I've been experimenting with different forms of UB in order to better understand the current compiler inadequacies using constexpr
evaluations to detect UB.
Note: There is normally no compiler requirement to emit diagnostics when UB occurs. However, this is not the case when executing compile time code such as consteval
functions as shown here. Even there, there is an exception for library code where compilers are not required to emit diagnostics for UB. The question here does not use library code and compilers should emit diagnostics when encountering UB executing code at compile time.
I ran across an odd situation where modifying the underlying memory of an const int
in automatic storage (aka stack) results in no warnings with CLANG, GCC, and MSVC but when evaluated in a constexpr
function CLANG and GCC elicit the expected error while MSVC gives no error.
The function being evaluated casts a const int to a non const through it's address to attempt to change it's value from 1 to 2. Afterwards, the const value is added to that returned from a function called with a const int&
that simply returns the argument value.
This is all UB, of course. However, all three compilers happily compile and run when not in a constexpr
function. While UB, they are not required to emit diagnostics. And they interpret the result as the original const value when the variable is used directly but as the modified value when accessed through a reference.

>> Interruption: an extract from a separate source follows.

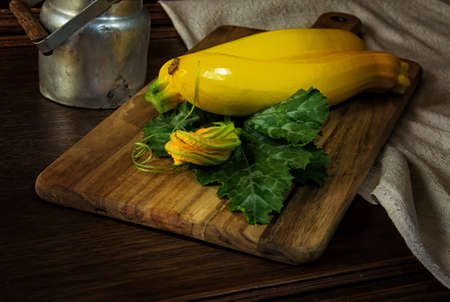 Yellow zucchini on the wooden board - still lifeの写真素材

But when running in compile time code, GCC and CLANG identify the UB as, for example:
modification of object of const-qualified type 'const int' is not allowed in a constant expression
MSVC produces no error or warning.
Since this uses no library code in the constexpr evaluation, I believe MSVC is in error not reporting the UB. Is this correct?
#include <iostream>
// un-comment out the next line to evaluate at runtime
// #define consteval
consteval int ret_arg(const int& v) { return v; }
consteval int f()
{
const int i{ 1 };
*const_cast<int*>(&i) = 2;
return i + ret_arg(i);
}
int main()
{
std::cout << f() << "\n";
}
Run time UB w/o compiler errors for all compilers can be seen by commenting the "#define consteval" line at the top.